The second thing that faith does is that it makes us pilgrims.  It makes us pioneers.  It causes us to step out, to go out on a journey with God.  By faith Abraham obeyed when he was called to set out for a place that he was to receive as an inheritance, not knowing where he was going.  Isn’t that our lives so much of the time?  He looked forward to the city that has foundations, whose architect and builder is God.  He considered him faithful who had promised.  Abraham was willing to step out in faith because he trusted.  When has God asked us to step out in faith?  He called us to step out in faith in Lawrence Heights didn’t he?  He called Matthew to step out in faith, to go to a foreign country.  I know he has done that for many of us here.  Where is God calling us to step out in faith – trusting in his promises of accompaniment, of holding us up, of peace in the unknown.  Not long ago I quoted someone on being a wayfarer – “We are travelers who are heading toward a destination we do not altogether know, but following the road toward it in trust.”  This is what faith enables us to do. 


Finally, by faith, suffering is transformed.  By faith Abraham offered up his son Isaac.  This is a difficult story of course.  It presents many difficulties for us doesn’t it?  Abraham had received the promise that it was through Isaac that descendants should be named for him.  He considered the fact that God is able even to raise someone from the dead.  In other words he trusted in God’s promises in the midst of suffering – and what kind of suffering must he have gone through on that day?  By faith death itself is transformed.  By faith Isaac invoked blessings for the future on Jacob and Esau.  By faith Isaac saw that death was not the end.  That God’s promises, though unseen, are sure.  By faith Jacob, when dying, bowed in worship over the top of his staff and blessed the sons of Joseph.  By faith Joseph at the end of his life made mention of the exodus of the Israelites that was to come and gave instructions about his burial.  Bury me in the Promised Land because I believe in God’s promises.


The assurance of things hoped for, the conviction of things not seen.

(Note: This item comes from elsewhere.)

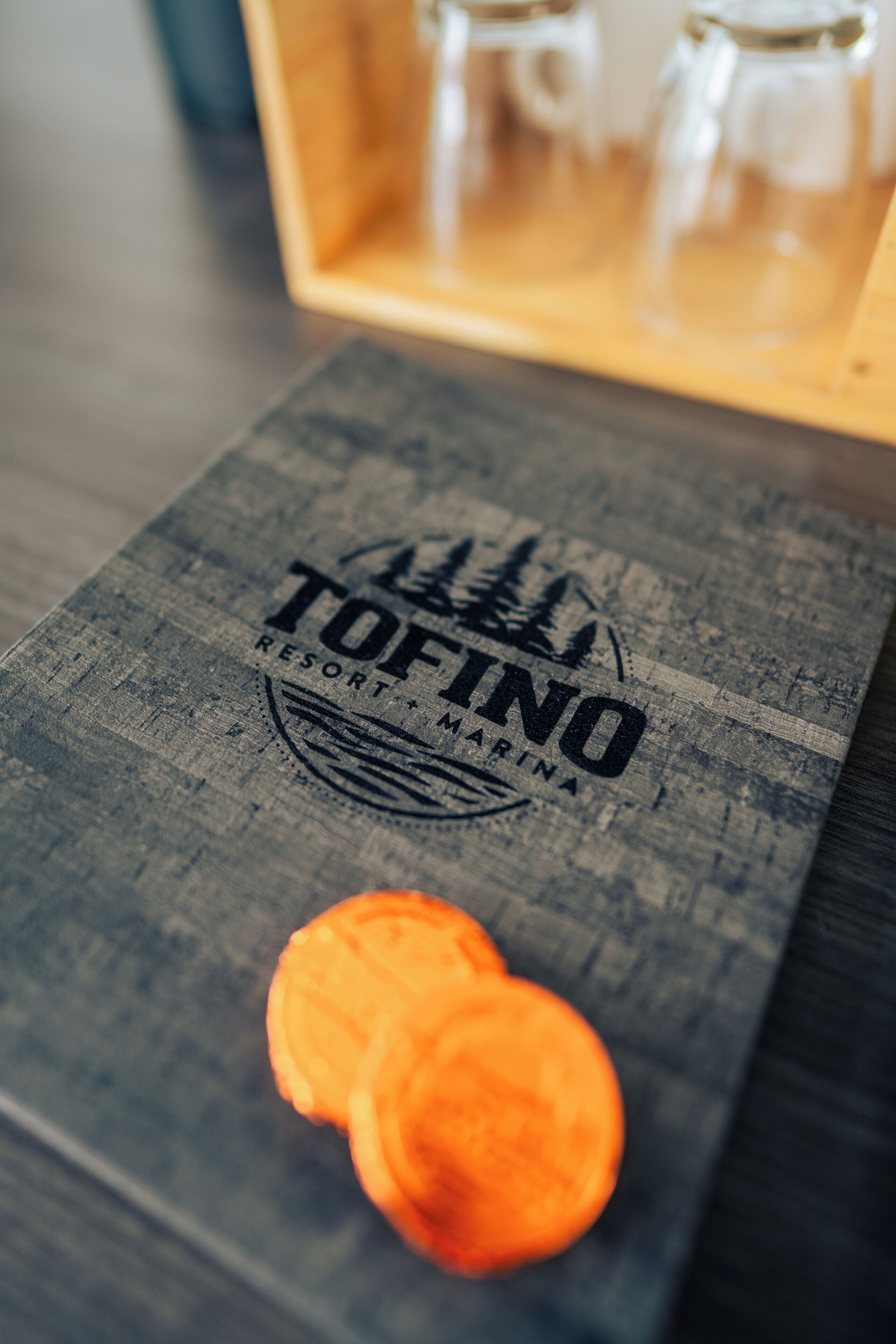 A wooden box with a label that reads "TOFINO RESORT MARINA".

This is what our faith means friends.  This is what it meant for these heroes of the faith.  By faith the dying thief said “Remember me when you come in your kingdom.”  Remember me.  By faith Stephen said “Lord Jesus receive my spirit” and “Lord do not hold this sin against them.”  By faith we say “Remember me Lord.”  By faith we say “Have mercy Lord.”  By faith Mildred Goulding said “You don’t have to treat me anymore.  You don’t have to do any more dialysis.  I’m ready.”  By faith Dorothy Buck says “I trust you.  I know you’re with me.”


Time doesn’t permit me to mention Moses and Rahab and Gideon and Barak and Samson and our moms and dads and grandparents and dear, dear friends who showed us what faith looks like.  The thing is they're all around us.  When we gather around this communion table and talk about one bread we’re talking about our unity and we’re talking about our unity with all those who have gone before.  Since we are surrounded by so great a cloud of witnesses – and they’re cheering us on as we’re running – let us also lay aside every weight and the sin that clings so closely.  Let us ask God to make us righteous, let us seek his face, let us step out in this race, and run it with perseverance, looking to Jesus, the pioneer and perfecter of…  our faith.  This is the faith that is ours friend.  May these things be true for each and every one of us.